Task directions>
Write out the line with "Hilton Anatole" and each line after it to the end of the material, exactly as they appear and with nothing else.

Data extract>

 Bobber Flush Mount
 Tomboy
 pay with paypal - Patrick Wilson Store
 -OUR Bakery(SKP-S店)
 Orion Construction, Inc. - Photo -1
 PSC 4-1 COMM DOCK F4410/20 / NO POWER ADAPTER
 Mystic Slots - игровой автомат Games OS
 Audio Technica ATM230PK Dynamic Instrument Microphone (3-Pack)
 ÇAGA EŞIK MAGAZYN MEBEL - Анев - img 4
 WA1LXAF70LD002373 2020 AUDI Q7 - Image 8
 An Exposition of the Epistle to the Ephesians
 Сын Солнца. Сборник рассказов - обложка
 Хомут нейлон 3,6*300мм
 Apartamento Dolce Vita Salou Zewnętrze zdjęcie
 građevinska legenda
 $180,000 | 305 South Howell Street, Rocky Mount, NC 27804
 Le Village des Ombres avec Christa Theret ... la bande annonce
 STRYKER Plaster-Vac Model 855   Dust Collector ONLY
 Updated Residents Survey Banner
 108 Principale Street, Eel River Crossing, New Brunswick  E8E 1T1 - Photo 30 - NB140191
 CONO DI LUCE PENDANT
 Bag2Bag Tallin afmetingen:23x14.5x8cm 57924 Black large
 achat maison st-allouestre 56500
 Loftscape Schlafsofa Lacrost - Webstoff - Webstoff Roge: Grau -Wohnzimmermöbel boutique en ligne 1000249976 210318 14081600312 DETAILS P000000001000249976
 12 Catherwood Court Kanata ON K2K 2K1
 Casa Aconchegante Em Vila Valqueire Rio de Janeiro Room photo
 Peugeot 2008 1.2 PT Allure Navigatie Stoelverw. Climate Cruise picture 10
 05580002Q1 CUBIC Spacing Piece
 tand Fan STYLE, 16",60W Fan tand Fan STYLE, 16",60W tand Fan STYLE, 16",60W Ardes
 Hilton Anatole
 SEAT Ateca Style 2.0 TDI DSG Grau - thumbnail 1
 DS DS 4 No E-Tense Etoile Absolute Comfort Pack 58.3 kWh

Your solution>
 Hilton Anatole
 SEAT Ateca Style 2.0 TDI DSG Grau - thumbnail 1
 DS DS 4 No E-Tense Etoile Absolute Comfort Pack 58.3 kWh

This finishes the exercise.